Among Mr. Guo’s international creditors is Pacific Alliance Asia Opportunity Fund (“Pacific Alliance”), a Hong Kong investment fund formed under Cayman Islands law. In 2008, Pacific Alliance loaned $30 million to Mr. Guo’s Hong Kong company in connection with the development of Pangu Plaza, site of a “7 Star Hotel” in Beijing near the Olympic arenas. In connection with the loan, Mr. Guo signed a personal guarantee. All of the documents and transactions were executed in Hong Kong or China.
According to Pacific Alliance, Mr. Guo now owes approximately $88 million in principal and accrued interest on the loan. However, Pacific Alliance’s efforts over the years to collect against Mr. Guo have been unsuccessful. Accordingly, in April 2017, Pacific Alliance brought suit against Mr. Guo in the Commercial Division of New York County, where Mr. Guo now resides and is seeking asylum from the United States government. (Mr. Guo’s membership at President Trump’s Mar-a-Lago resort does not appear to have expedited his application. It’s complicated.)
Mr. Guo moved before Judge Barry Ostrager to dismiss the complaint on grounds of forum non conveniens (inconvenient forum) pursuant to CPLR 327. New York courts (e.g., Islamic Rep. of Iran v. Pahlavi, 62 NY2d 474, 479 ; Shin-Etsu Chem. Co. v. ICICI Bank Ltd., 9 AD3d 171, 178 [1st Dept 2004]) generally consider the following factors: (i) the availability of an alternative forum; (ii) the burden on the New York courts; (iii) whether the transaction out of which the cause of action arose occurred primarily in a foreign jurisdiction; (iv) the applicability of foreign law; (v) the potential hardship to the defendant; and (vi) whether a foreign forum has a substantial interest in adjudicating the action.

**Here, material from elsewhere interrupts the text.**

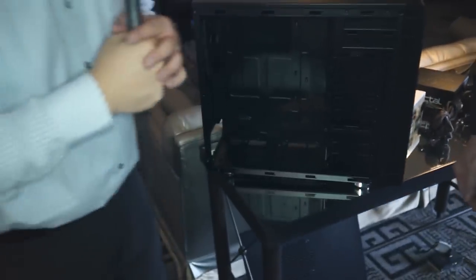So we're obviously here with Fractal, you've got some stuff to show us. Yeah, so basically what we've done this year is we've trimmed it back a little bit. What we're really showing right now is the Define R4 Blackout. The Blackout is a case that we're bringing to market based on customer demand — a lot of our customers came in and said they wanted an all-black interior case, so we want to accommodate that. It's actually right behind you here if you want to take a look.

Mr. Guo argued that New York was an inconvenient forum because the dispute involved contracts between a Hong Kong investment fund and a Chinese citizen that were governed by Hong Kong law and related to Chinese real estate. Moreover, all of the relevant evidence was located in China and Hong Kong. Pacific Alliance responded that Mr. Guo was a fugitive from China and would never appear there for a legal proceeding; therefore, New York was the only forum available for Pacific Alliance to pursue its claims.
Judge Ostrager granted Mr. Guo’s motion to dismiss. The court reasoned that the State of New York had no interest in resolving a breach of contract dispute between Hong Kong and Chinese parties involving a Hong Kong agreement relating to Chinese real estate. Notwithstanding Mr. Guo’s residence in New York, the foreign site of the disputed transaction was most important to determining the proper forum. As for Pacific Alliance’s argument that Mr. Guo would not appear at a proceeding in Hong Kong or China, the court found “that circumstance would likely benefit plaintiff rather than be a detriment to plaintiff,” presumably because it would be easier for Pacific Alliance to obtain a default judgment.
The Appellate Division, First Department reversed, noting Mr. Guo’s “heavy burden” of establishing that New York is an inconvenient forum. Contrary to Judge Ostrager, the First Department found that Hong Kong was “not a suitable or adequate alternative, because defendant cannot return there due to his pending asylum claim and fugitive status.” This concern for Mr. Guo is somewhat strange because Mr. Guo had explicitly endorsed Pacific Alliance pursuing a judgment in China or Hong Kong against Mr. Guo without Mr. Guo’s appearance. Perhaps Mr. Guo agrees with commenters in China who believe that Chinese judgments are more difficult to enforce in the United States due to fears that such judgments are politically motivated.
Ultimately, the First Department found that there was insufficient evidence that it would be a hardship for Mr. Guo to litigate in New York, especially because he previously had brought suit against others in New York. However, the First Department’s decision did not appear to state a clear reason why certain factors were being weighed more heavily than others. Future litigants confronting inconvenient forum issues should take note of the unpredictability of the multi-factor balancing test.